Trump suggested nuking hurricanes: report
AFP
1566781448000

President Donald Trump suggested dropping nuclear bombs on hurricanes before they made landfall in the United States, Axios reported Sunday.

hurricane harvey_副本.jpg

Debris from Hurricane Harvey litters downtown Rockport which took the brunt of the storm about 30 miles north of Corpus Christi, TX three days after the historic Category 4 Hurricane made landfall along the Texas Coast. (File photo: VCG)

During a hurricane briefing, Trump asked if it were possible to disrupt hurricanes forming off the coast of Africa by dropping a nuclear bomb in the eye of the storm, Axios wrote.

According to an anonymous source, meeting attendees left the briefing thinking, "What do we do with this?"
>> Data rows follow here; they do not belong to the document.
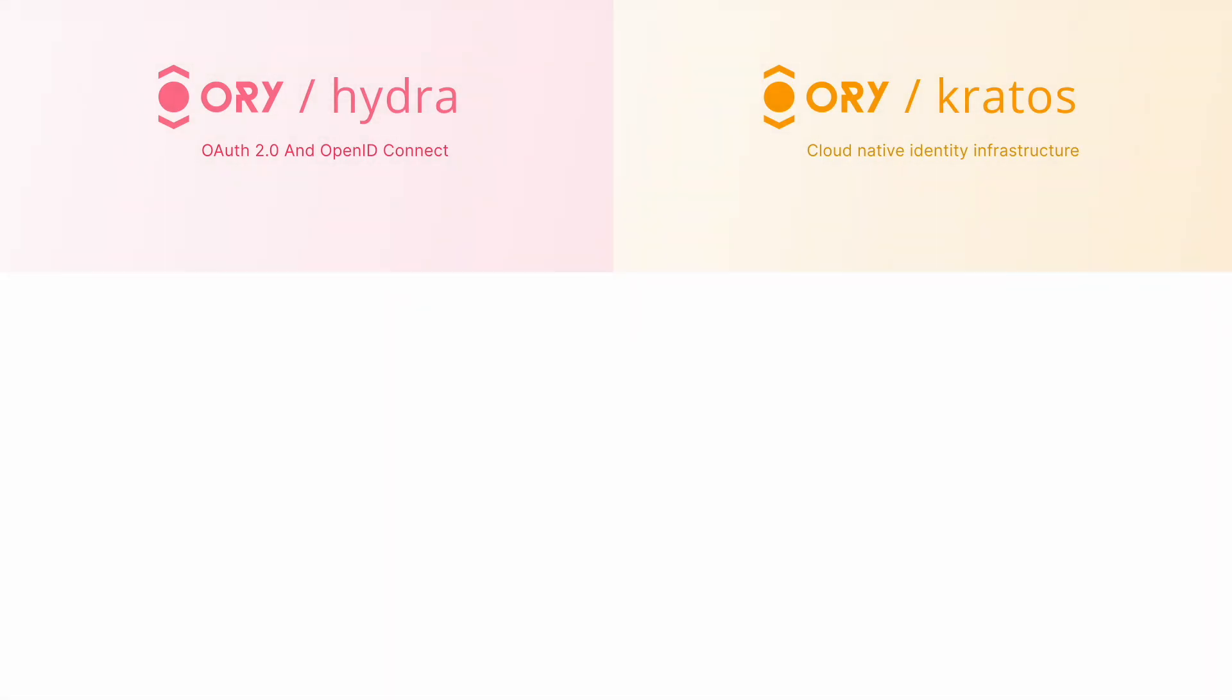Hi everyone, we will start our journey by exploring ORY Hydra and ORY Kratos, two robust solutions for effectively managing user identity using the application. But before we get our hands dirty, let's break down what each one does.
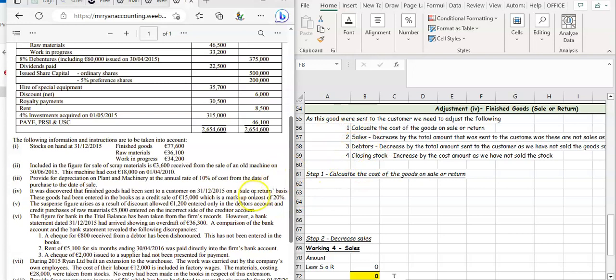There are four steps whenever we get a sale or return. First, calculate the cost of the goods on sale or return — that's finding the 100%. Second, sales decrease by the total amount sent to the consumer. Third, debtors decrease by the total amount sent, as you've not sold these goods. Fourth, closing stock increases by the cost amount as you've not sold the stock.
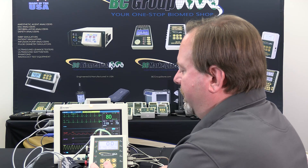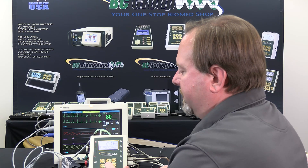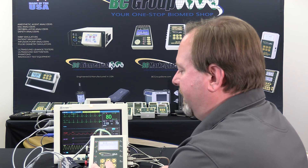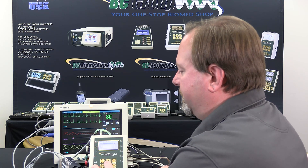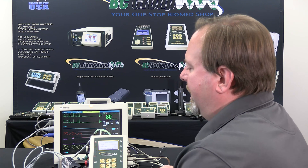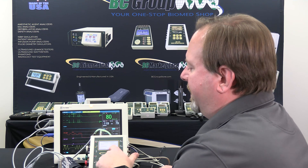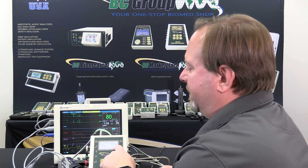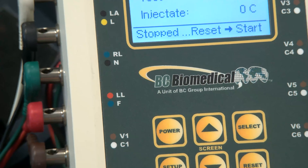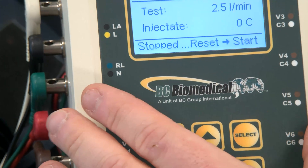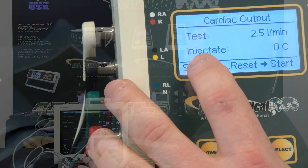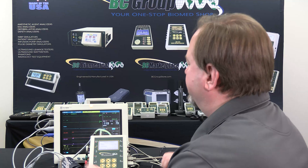We'll go in with the screen button and press the down button until we get all the way to cardiac output simulation. In this case we have the injectate set to zero degrees C, so we need to make sure that the monitor is also measuring zero degrees C for the injectate temperature.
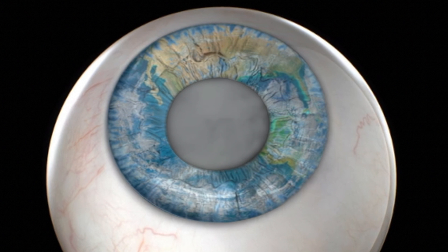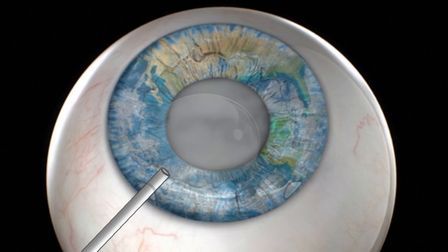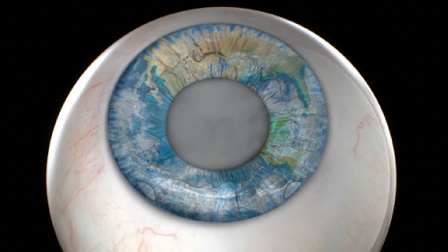After the eye is dilated, two or more incisions are made in the cornea periphery. Medication is injected into the eye to prepare the lens for surgical removal. A circular incision is made to the lining, or capsular bag, enclosing the lens and removed.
Axios did not say when this conversation took place. 

It is reportedly not the first time the president made such a suggestion. In 2017, Trump asked a senior official whether the administration should bomb hurricanes to prevent them making landfall.

Axios said that in this conversation Trump did not specify that nuclear bombs be used.

The White House declined to comment, but a senior administration official said Trump's "objective is not bad," Axios.

Trump's idea is not new, according to Axios. The suggestion was originally made by a government scientist in the 1950s, under President Dwight Eisenhower.

The idea continues to pop up, even though scientists agree it would not work.

The US is regularly pummeled by hurricanes. In 2017 one named Harvey became the strongest hurricane to make landfall in 12 years.

Since then, the East Coast has been hit with a string of catastrophic storms, which have killed thousands of people and cost hundreds of billions of dollars in damage.